Here is a summary of the changes introduced by the Flexibility Act:
- Loan maturity date: The Flexibility Law extends the repayment term from two years to five years at one percent per year, as long as a borrower’s loan is not fully canceled. This revision only applies to PPP loans granted as of June 5, 2020, the date on which the Flexibility Law entered into force. The Flexibility Law does not prohibit lenders and borrowers from changing the maturity date of pre-existing PPP loans, nor does it require them to do so.
- Loan period covered: The Flexibility Act extends the period during which a borrower can use the proceeds of a PPP loan while still being eligible for an 8 week loan forgiveness, as originally required under the CARES Act, up to 24 weeks after origin or December 31, 2020. The clock always starts upon receipt of the PPP loan, but borrowers now have the option to keep their loan proceeds until they can reopen and / or until employees are effectively able to return to work.
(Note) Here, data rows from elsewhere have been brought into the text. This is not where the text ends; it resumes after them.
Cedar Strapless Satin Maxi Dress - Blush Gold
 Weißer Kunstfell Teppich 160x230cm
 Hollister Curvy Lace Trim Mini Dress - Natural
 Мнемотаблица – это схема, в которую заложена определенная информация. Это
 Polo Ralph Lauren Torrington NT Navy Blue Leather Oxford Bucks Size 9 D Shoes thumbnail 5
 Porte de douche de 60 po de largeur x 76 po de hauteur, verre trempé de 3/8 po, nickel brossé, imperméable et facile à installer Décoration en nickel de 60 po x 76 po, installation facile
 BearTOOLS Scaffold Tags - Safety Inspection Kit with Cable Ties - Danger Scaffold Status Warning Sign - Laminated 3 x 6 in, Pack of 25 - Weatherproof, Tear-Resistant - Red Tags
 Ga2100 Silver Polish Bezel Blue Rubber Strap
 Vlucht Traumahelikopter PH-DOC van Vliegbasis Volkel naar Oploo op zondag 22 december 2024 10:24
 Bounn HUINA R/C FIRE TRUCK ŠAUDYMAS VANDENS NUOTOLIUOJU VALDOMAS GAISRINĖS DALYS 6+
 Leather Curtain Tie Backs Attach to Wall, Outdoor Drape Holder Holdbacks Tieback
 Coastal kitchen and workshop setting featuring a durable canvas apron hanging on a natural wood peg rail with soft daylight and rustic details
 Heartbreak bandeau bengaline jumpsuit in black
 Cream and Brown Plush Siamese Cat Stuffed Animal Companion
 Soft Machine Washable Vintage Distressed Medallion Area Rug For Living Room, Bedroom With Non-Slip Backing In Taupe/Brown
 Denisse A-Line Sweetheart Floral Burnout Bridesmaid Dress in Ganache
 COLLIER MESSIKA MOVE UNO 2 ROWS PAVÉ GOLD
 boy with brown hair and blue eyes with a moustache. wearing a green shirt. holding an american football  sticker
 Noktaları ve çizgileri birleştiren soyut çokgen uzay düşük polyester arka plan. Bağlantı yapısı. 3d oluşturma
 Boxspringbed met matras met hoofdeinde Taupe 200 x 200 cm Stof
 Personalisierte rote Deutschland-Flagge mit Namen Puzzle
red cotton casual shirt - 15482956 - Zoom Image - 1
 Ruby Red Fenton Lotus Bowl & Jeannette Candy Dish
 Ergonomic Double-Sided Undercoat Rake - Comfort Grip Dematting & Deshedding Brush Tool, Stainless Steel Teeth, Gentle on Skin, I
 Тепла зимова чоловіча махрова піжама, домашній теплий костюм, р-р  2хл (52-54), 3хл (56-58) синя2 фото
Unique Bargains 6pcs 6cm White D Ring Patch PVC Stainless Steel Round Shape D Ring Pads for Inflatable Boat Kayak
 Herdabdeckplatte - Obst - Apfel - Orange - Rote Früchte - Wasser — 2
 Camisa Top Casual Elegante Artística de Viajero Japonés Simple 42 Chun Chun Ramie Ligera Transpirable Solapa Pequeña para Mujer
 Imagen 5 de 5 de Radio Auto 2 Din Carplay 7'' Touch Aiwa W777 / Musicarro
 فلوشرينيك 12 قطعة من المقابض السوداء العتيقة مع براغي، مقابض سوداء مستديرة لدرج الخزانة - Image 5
While this will likely help most businesses that have not yet been able to reopen or fully rehire staff, many businesses remain unable to open or open at full capacity, and many have yet to visibility as to whether or when they can do so.
- Extension of deadline to rehire employees for loan forgiveness: The flexibility law extends the date on which borrowers must rehire workers for wages to be considered for loan cancellation from June 30, 2020 to December 31, 2020. This increases the likelihood that most businesses will be able to reopen and rehire completely by the deadline. , yet many companies have found it difficult to get their employees back to work in part because of generous unemployment benefits and workplace safety concerns of some employees.
- Exemptions for rehiring employees: The Flexibility Act provides two new exemptions from the rules that otherwise reduced a borrower’s eligibility for loan forgiveness:
- A reduction in loan forgiveness will not apply if the borrower can document an inability to rehire the same or similar employees who were in place as of February 15, 2020; Where
- A reduction in loan cancellation will not apply if the borrower can document their inability to return to the same level of business activity as before February 15, 2020 due to the application of social distancing, l sanitation and other health secretary safety requirements or guidelines. and Human Services, the director of the Centers for Disease Control and Prevention, or the Occupational Safety and Health Administration issued between March 1, 2020 and December 31, 2020.
- Uses of loan proceeds: Under the CARES Act and existing SBA rules and guidelines, the PPP loan amount eligible for forgiveness would be proportionately reduced to the extent that the borrower spent less than 75% of the loan proceeds on eligible salary costs. The flexibility law reduces this percentage from 75% to 60%. This change has the dual benefit of also increasing the product available for other eligible expenses, such as mortgage interest, rent, and utilities, from 25% to 40%, with no reduction in loan forgiveness. However, the Flexibility Act appears to impose a “cliff” requirement that at least 60% of the loan proceeds must be spent on labor costs in order for the borrower to be eligible for the loan. all forgiveness. In other words, a PPP borrower with high fixed expenses for rent, mortgage interest and / or utilities who could not spend more than 59.9% of the total loan proceeds on salary costs ( possibly due to state or local restrictions on openness and / or the inability to achieve necessary endowment levels) would be denied the loan cancellation entirely. We understand that some Senators have had discussions with the Treasury Department and the SBA about a possible regulatory solution to this problem, but it does not yet exist.
- Deferred loan payments: The Flexibility Act extends the “public holiday” for payments on the PPP loan until the loan forgiveness is remitted by the SBA to the lender, or 10 months after the applicable covered period, if the borrower does not request. no discount during this 10 month period. period.
- Payroll tax deferral: The Flexibility Act allows borrowers whose PPP loans have been partially or fully canceled to defer the payment of payroll taxes.
Although the Flexibility Act once again changes the rules of PPP for borrowers, the result provides many borrowers with important options in their use of the loan proceeds, timing requirements and, ultimately, the cancellation of the loan. This is a victory for many businesses who have applied for or are still considering applying for a PPP loan. However, companies that have not yet fully reopened or reorganized their workforces and face persistent uncertainty about their prospects to do so by the end of 2020 should carefully consider whether the revised PPP program (at least until the end of 2020). ” that there is relief that suits them or they should apply for a lower loan amount than they would otherwise be entitled to.